Events in Tunisia are moving very quickly, so that nothing I or anyone else says to contextualize events is likely to have a lot of long-term currency. Yet, as someone who has followed this government for a while, and came to the conclusion a few years ago that its staying power could be limited, I’m certainly fascinated by what’s going on.

Here are some initial points:

(1) I do believe that the rapid move from protest to presidential departure in Tunisia shows the brittleness of Arab “secular republics” these days. This is in line with a post of mine a few months ago about the sort of model the Gulf state represents as a contrast. Ben Ali’s quick trip out of the country he has ruled for decades, I believe, is evidence that monarchies with a foot, or at least several toes, in Islamic legitimacy, have had a much better shot at allowing gradual political liberalization than largely military-based secular republics like Tunisia.

(2) For this reason, I think, Algeria and Egypt are definitely worth watching, although I would suspect there to be less of a possible spillover effect into Morocco.

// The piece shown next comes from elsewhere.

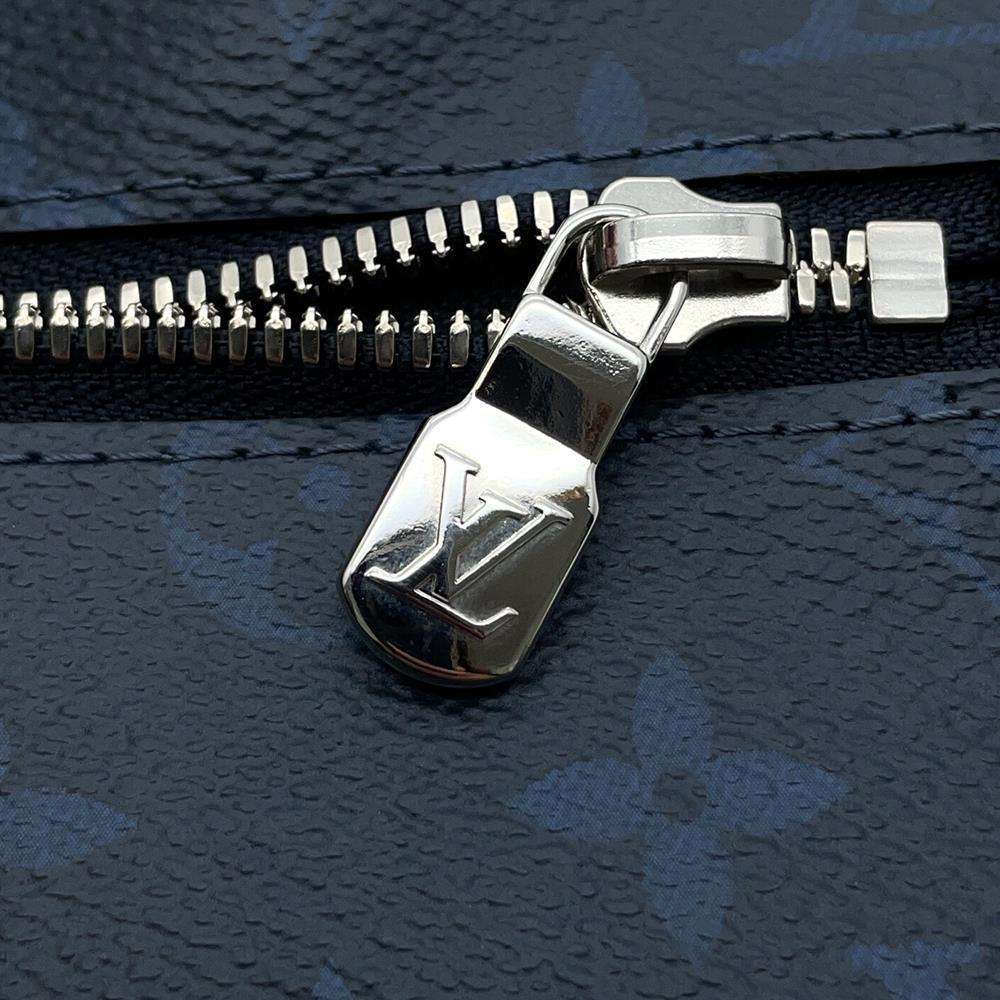 LOUIS VUITTON Cabas Voyage NV NavyM53240 Taurillon Leather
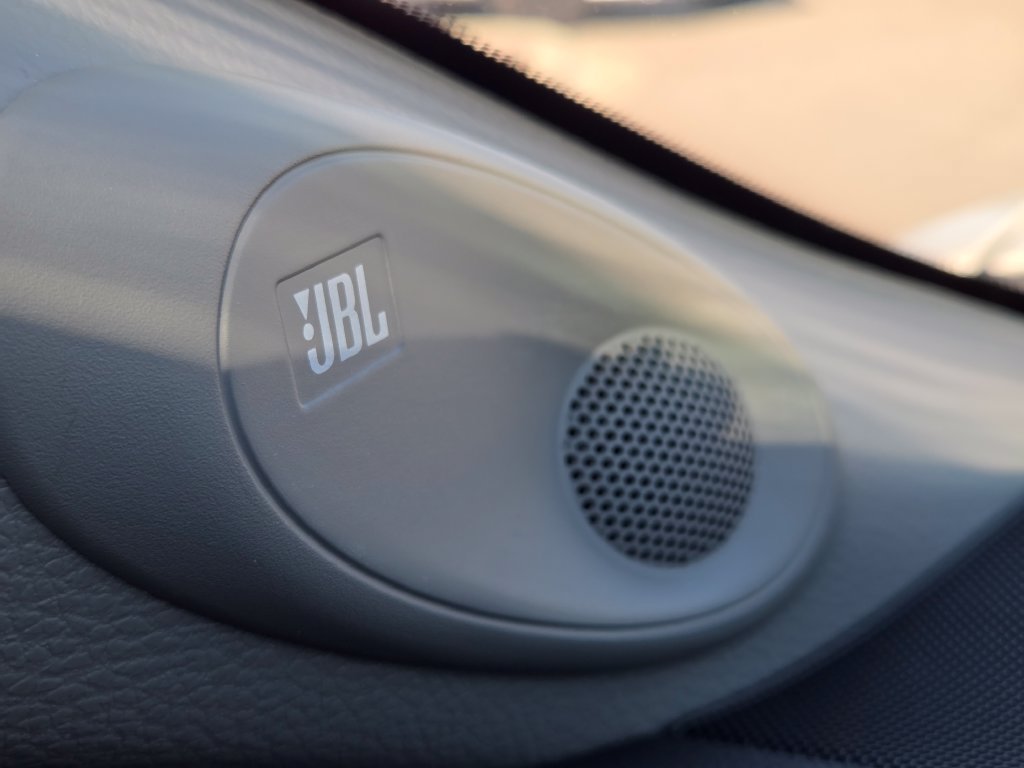Used 2020 Wind Chill Pearl Toyota XSE V6 image 19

(3) It’s very interesting that Wikileaks cables may have had an effect on political mobilization here. Of course, Tunisians know all about, and have grudgingly tolerated, the amount of corruption that has taken place at high levels of the political system. But I agree with Elizabeth Dickinson that the specifics of the leaked cables, and, more, their sober-headed, rational tone, probably did matter to some Tunisians, even if socioeconomic discontent and the clarity of the state’s repressive apparatus were even more significant.

(4) Clearly, Ben Ali’s recent “re-election” only furthered his unpopularity, rather than bolstering his legitimacy in any way. This can’t be making Hosni Mubarak in Egypt rest very well, after the firestorm his recent “re-election” generated.

(5) Sadly, the level of repression of civil and political rights, and credible opposition, that Ben Ali’s regime resorted to in order to stay in power has left little clear pro-liberalization prospects in Tunisia. This is ironic given that Tunisia has certainly been a home in the past for a lot of sophisticated lawyers, academics and activists committed to democratization and the rule of law. Still, the speed of Ben Ali’s move,s first to pledge he wouldn’t stand for re-election in 2014, and then to leave the country, are something unprecedented in recent Arab political history. This could well mean that there is space for concerned Western governments (hello US, but especially BONJOUR LA FRANCE) to work hard and behind the scenes to try to prevent a purely military government for anything but a short time. Indeed, events in Tunisia should give hope to those who believe that gentle pressures for Arab military “elected presidents” are potentially useful.

(6) This said, of course, the typical Western governmental dynamic will be to favor some sort of stability over the fear of disorder, and, particularly Islamism. Yet this is an important time to acknowledge that order without at least a certain amount of either political legitimacy or political rights, even in a relatively highly-performing economy, holds real risks in Arab countries today.